Content starts

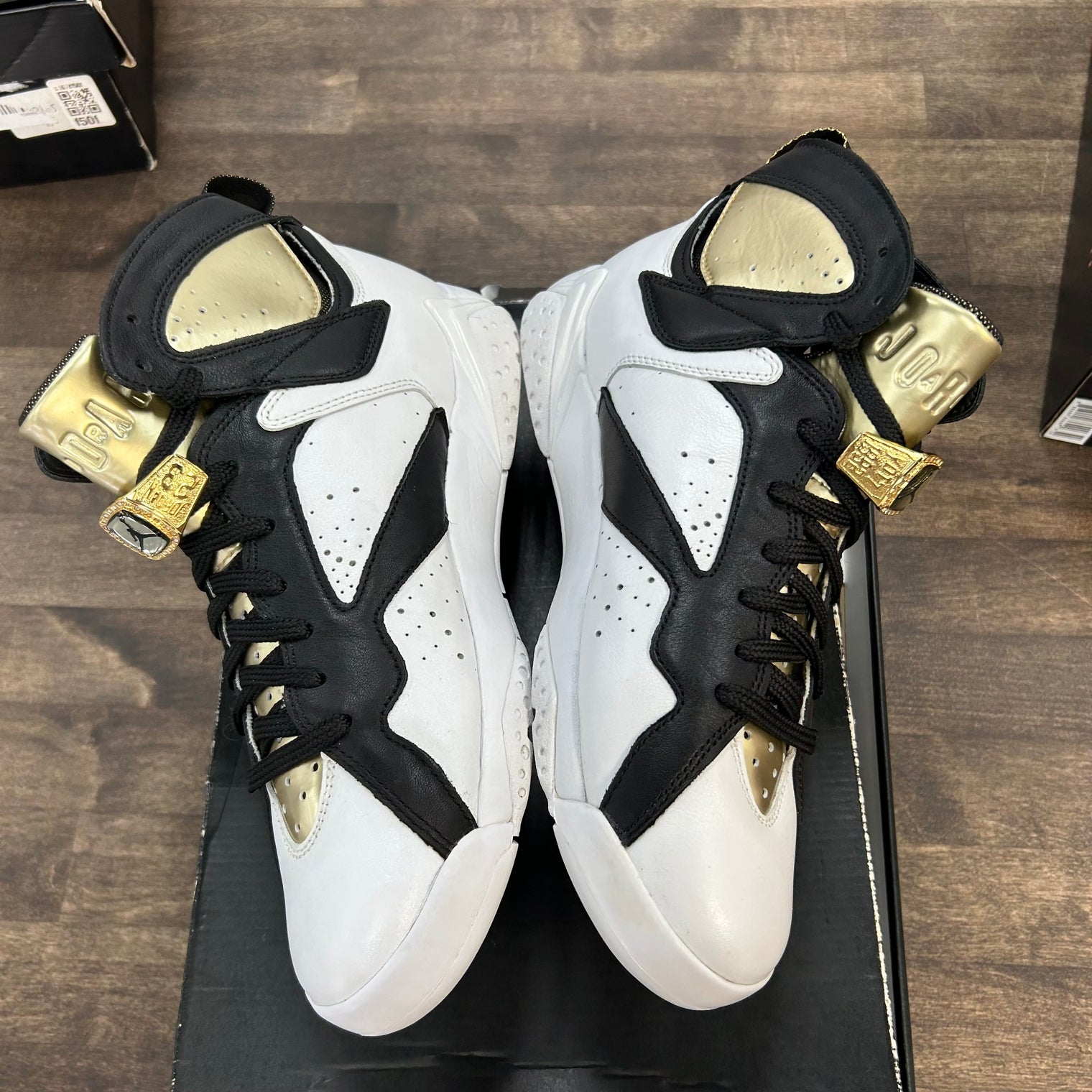 Championship Pack Champagne Jordan 7 Retro (USED,Damaged Box)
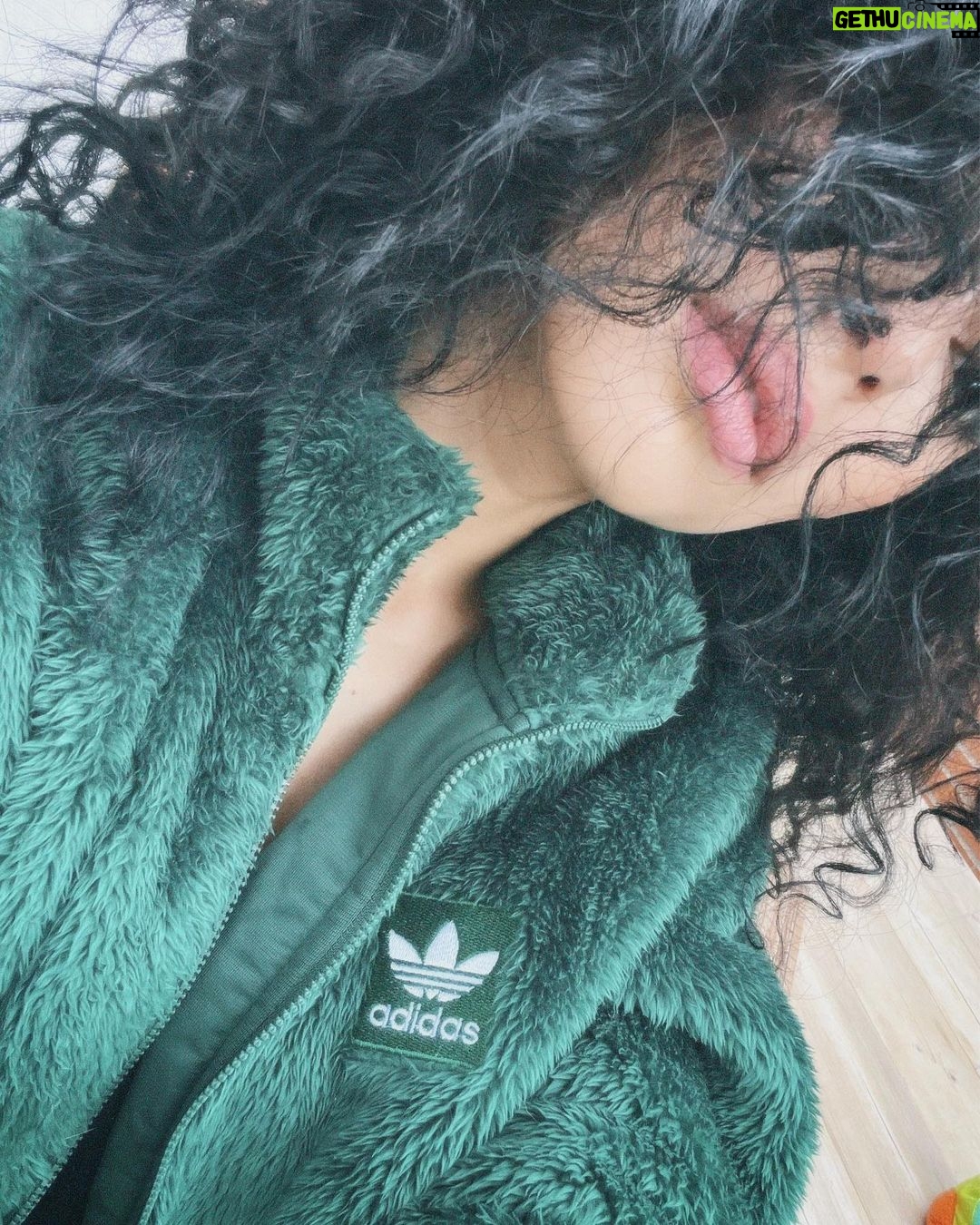 Mina El Hammani Instagram - De vuelta al 🖤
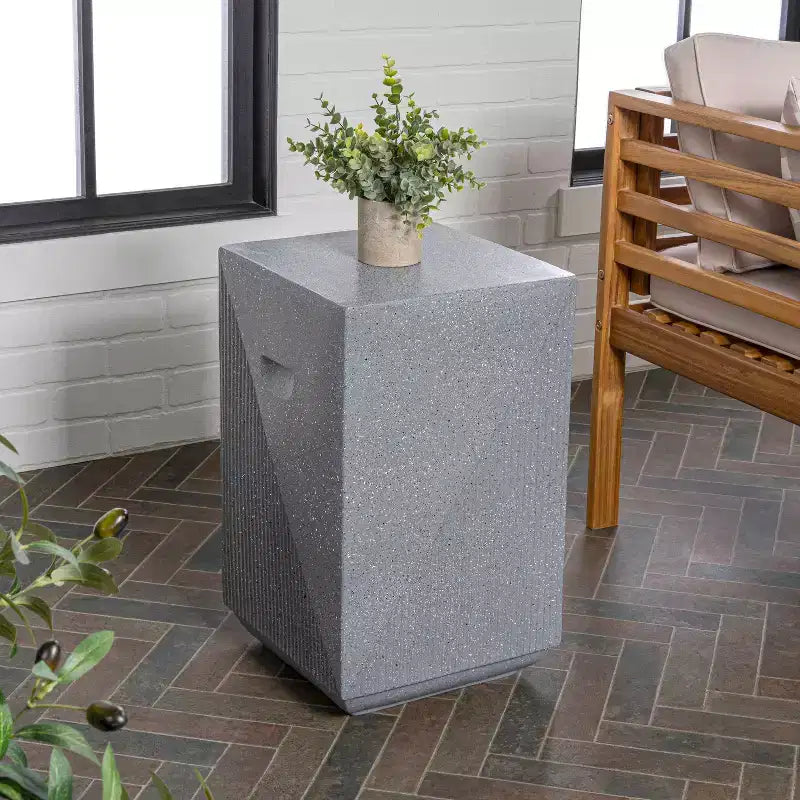 JONATHAN Y Adrian 20.75 Contemporary Minimalist Square Indoor/Outdoor Accent Table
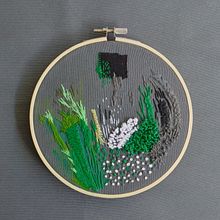 I Think It Was A Garden . Embroider, Design, Traditional illustration, and Fiber Arts project by Maria Meiga - 02.13.2022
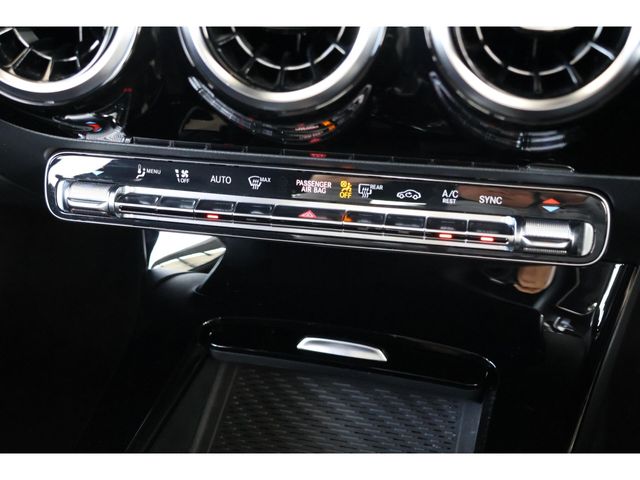 MERCEDES BENZ MERCEDES BENZ A class 2020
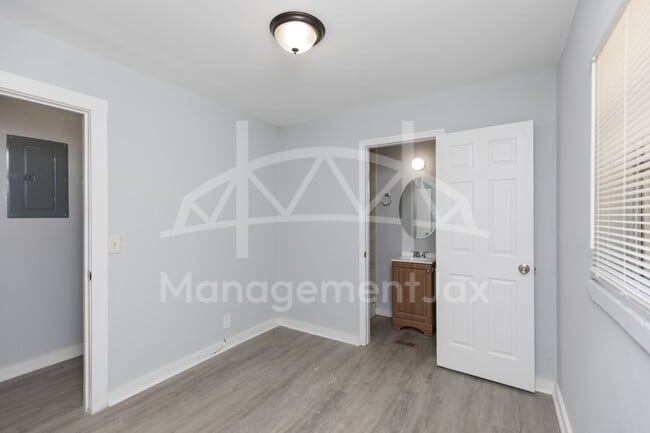 Building Photo - 1922 Maclean Rd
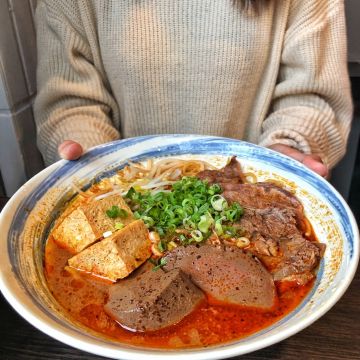 勝男家 - 海山新地標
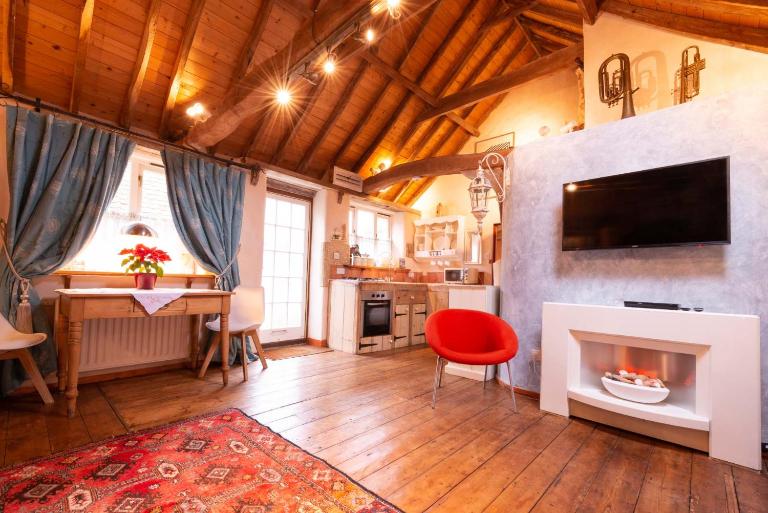 Snow Cottage laid back style with footpaths to a great Macro Brewery Pub - B&B Edwardstone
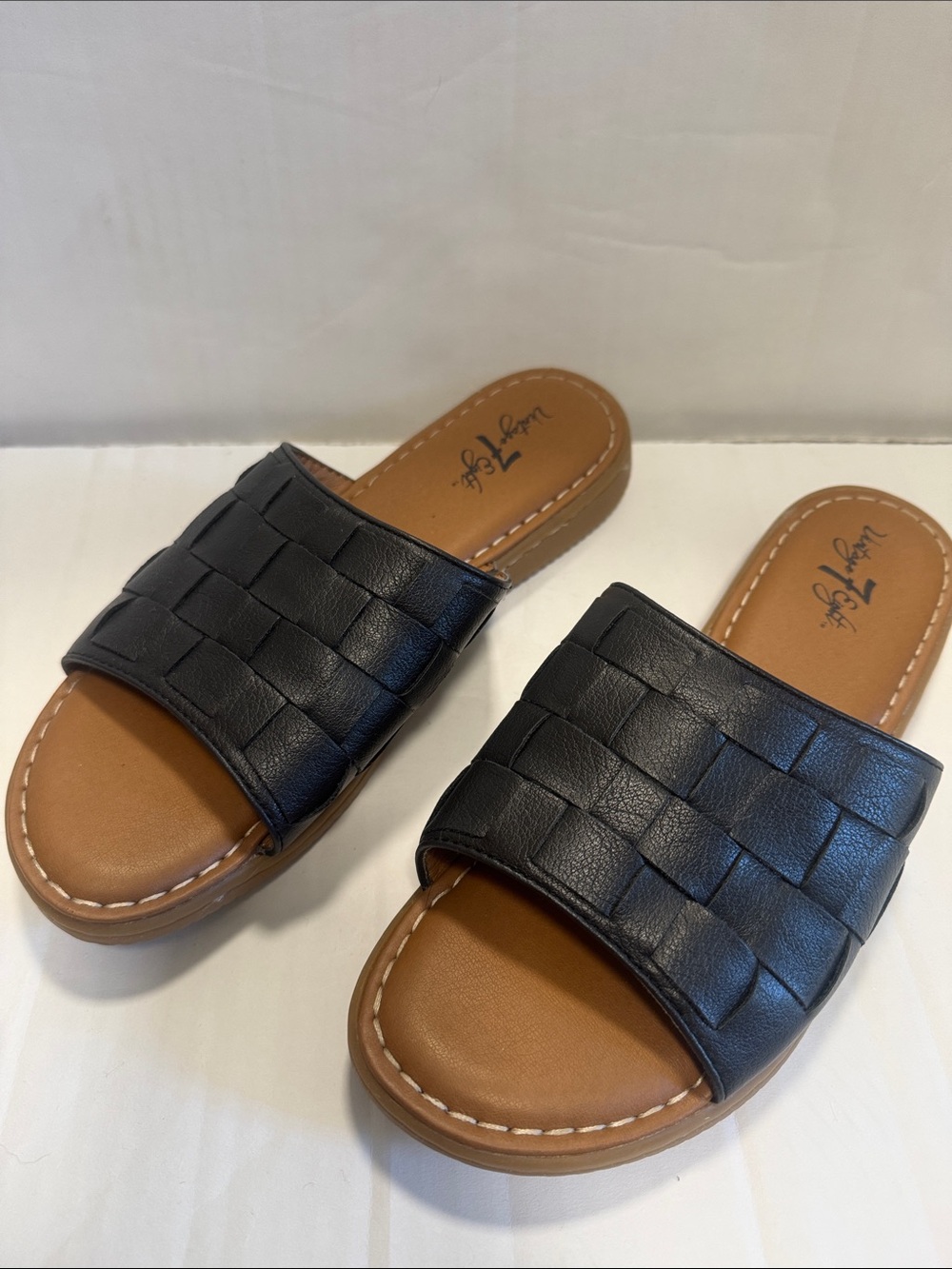 Vintage 7. Eight Woven Slide Sandals - Black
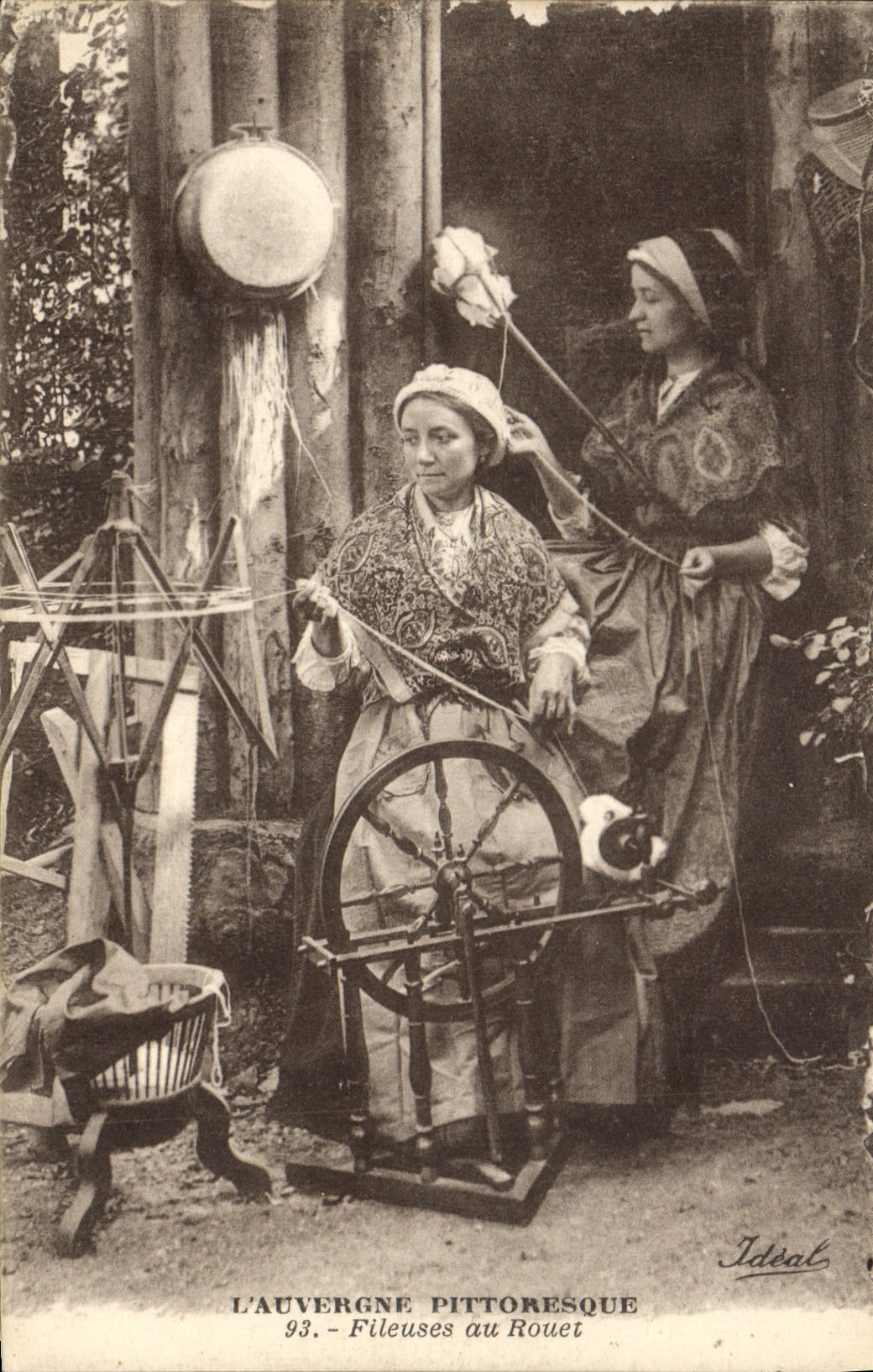 CPA L'Auvergne Pittoresque Fileuses Au Rouet Folklore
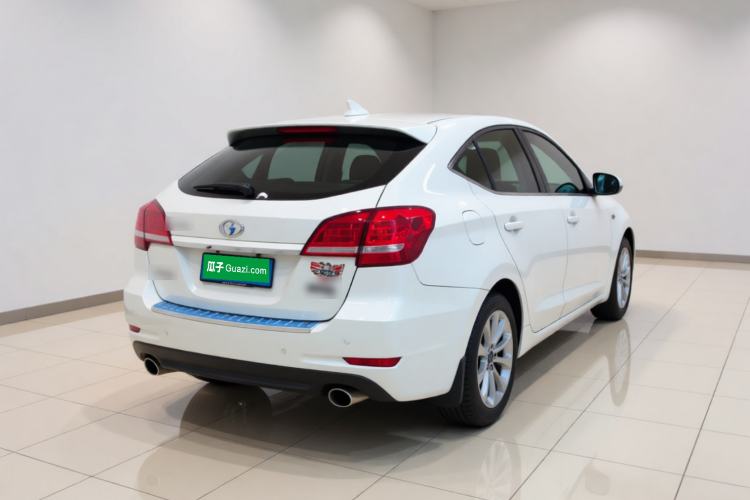 Used Haval H2 2017 Red-Label 1.5T Automatic Two-Wheel Drive Luxury Model Rear Right 45 Deg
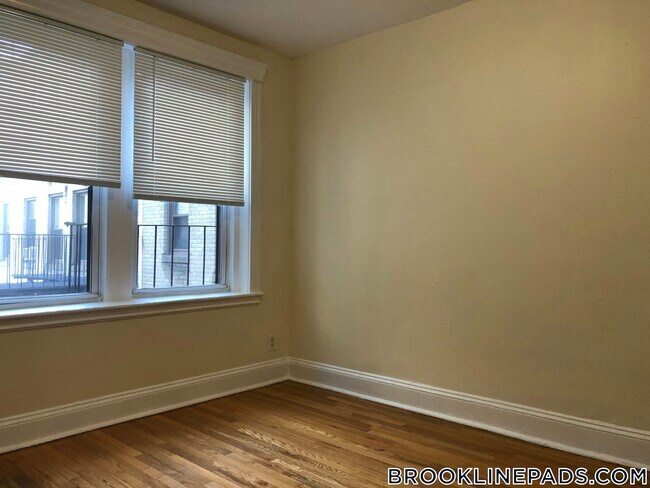 Building Photo - 352 Riverway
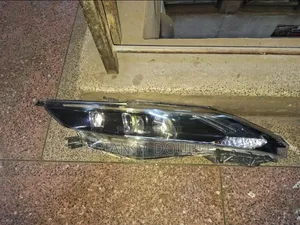Toyota Harrier Headlight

Content ends

• Task details: Starting at the line that contains "Used Haval H2", write out every line through the final line of the entries, word for word; skip any pictures.

• Result below:
 Used Haval H2 2017 Red-Label 1.5T Automatic Two-Wheel Drive Luxury Model Rear Right 45 Deg
 Building Photo - 352 Riverway
Toyota Harrier Headlight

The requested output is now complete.